Start of Block
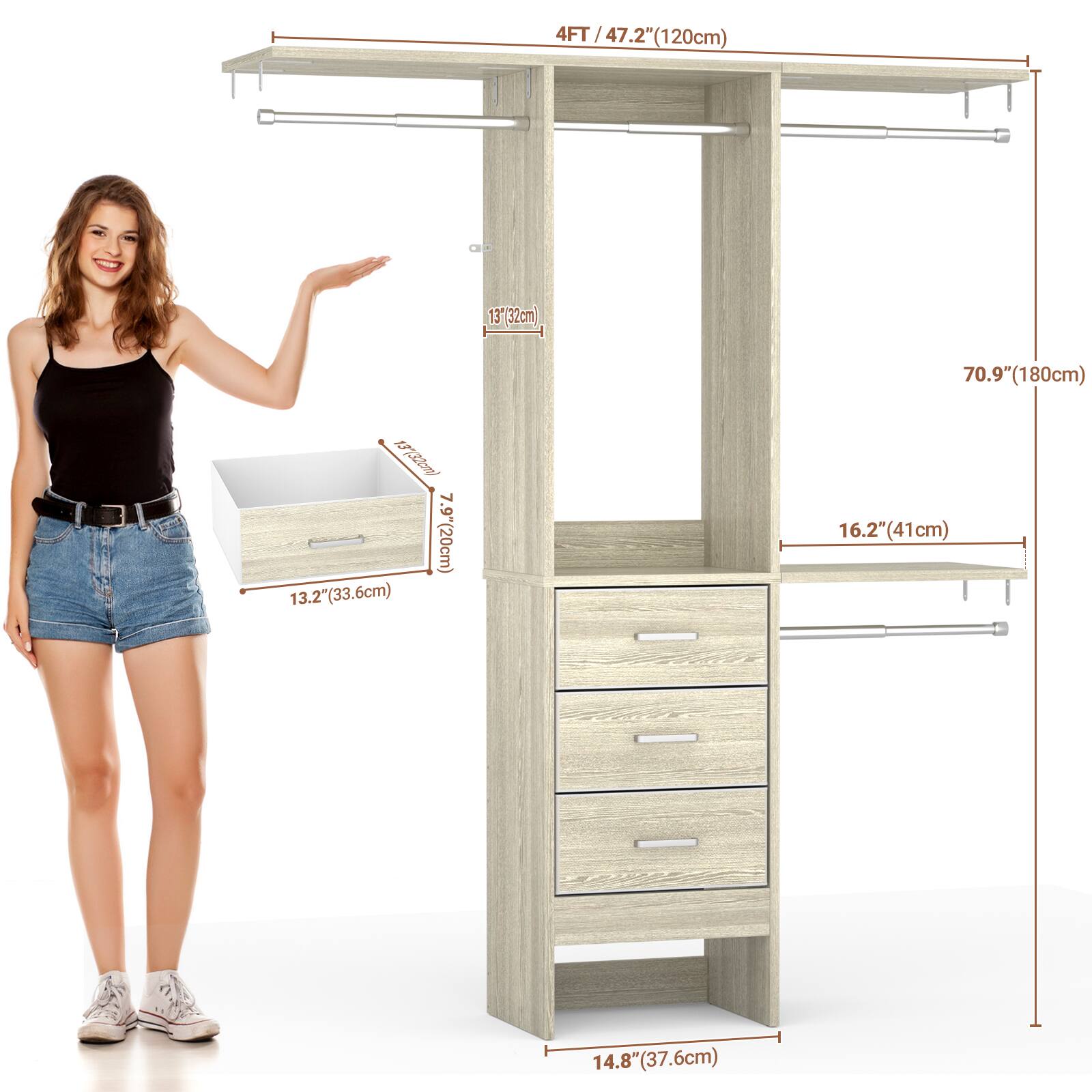 4FT / 47.2" (120cm)  
13" (32cm)  
70.9" (180cm)  
13.2" (33.6cm)  
16.2" (41cm)  
14.8" (37.6cm)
End of Block
■ **Exercise aim**: Without changing a single word, set down all of the material again and leave out its pictures.

■ **Exercise response**:
 4FT / 47.2" (120cm)  
13" (32cm)  
70.9" (180cm)  
13.2" (33.6cm)  
16.2" (41cm)  
14.8" (37.6cm)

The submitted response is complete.